Since this is a well studied problem I will simply state the result for origin at one of the boundaries, $$\Psi_n(x,t)=\sqrt{\frac{2}{L}}sin\left(\frac{n\pi{x}}{L}\right)e^{-i\omega{t}}$$

For those who are unfamiliar with Quantum Mechanical Treatment of Particle in a Box, you may refer here.

Furthur, a Node is any point where the probability of finding a particle is zero.

By Bohr-Copenhagen interpretation, the probability of finding a particle in a radius of $dr$ centered at $r$ is given by $(\Psi)^*\Psi{dr}$. Node is then given by the solutions for $r$ where $(\Psi)^*\Psi{dr}=0$.

Coming to my question, lets consider $n=2$ without loss of generality which has a node at $x=L/2$.

Argument 1: Physically this means that the $x=L/2$ eigen state of Position Operator is a Forbidden State, since the Probability of a particle collapsing into this state is absolute exact zero.

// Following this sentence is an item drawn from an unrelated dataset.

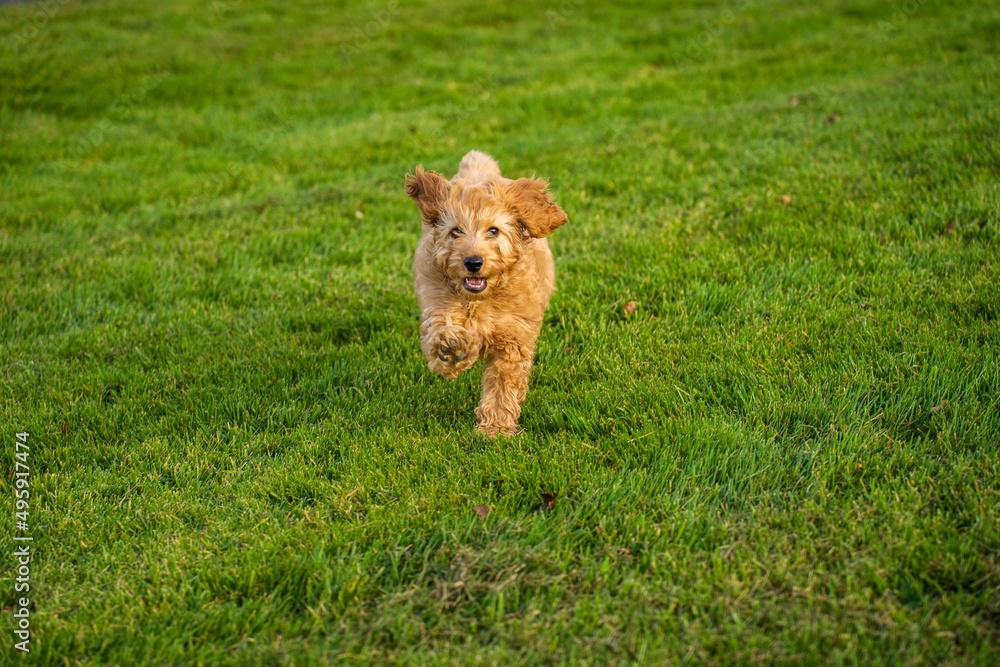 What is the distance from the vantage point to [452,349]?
12.2ft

Argument 2: In wave mechanics treatment, these solutions are what we call as Standing Waves, where the nodes especially are points that doesn't permit transfer of energy (I am assuming this holds equally well for transfer of Information, in a more general sense (correct me if I am wrong!)).

By the two independent arguments above I am forced to conclude that, there is no way particles can traverse between nodes other than for some very weird phenomena where the particle vanishes with absolutely no trace at $x\to{L/2}^-$ and appear back at $x\to{L/2}^+$! But the fact that this argument is proved wrong by experiments (repeated observations have found particles observed in 1st half to be later observed in the second half) makes it all the more interesting to me. How exactly does this happen then?

To clarify my question a bit more, I am not interested in questions like 'Why Schrodinger Equation?' or such, rather I am interested in 'How to make physical sense of nodes?'

Remark :

  1. Particle in a box is purely used as an illustration, this question is very general and is by no means restricted to Particle in a Box problems.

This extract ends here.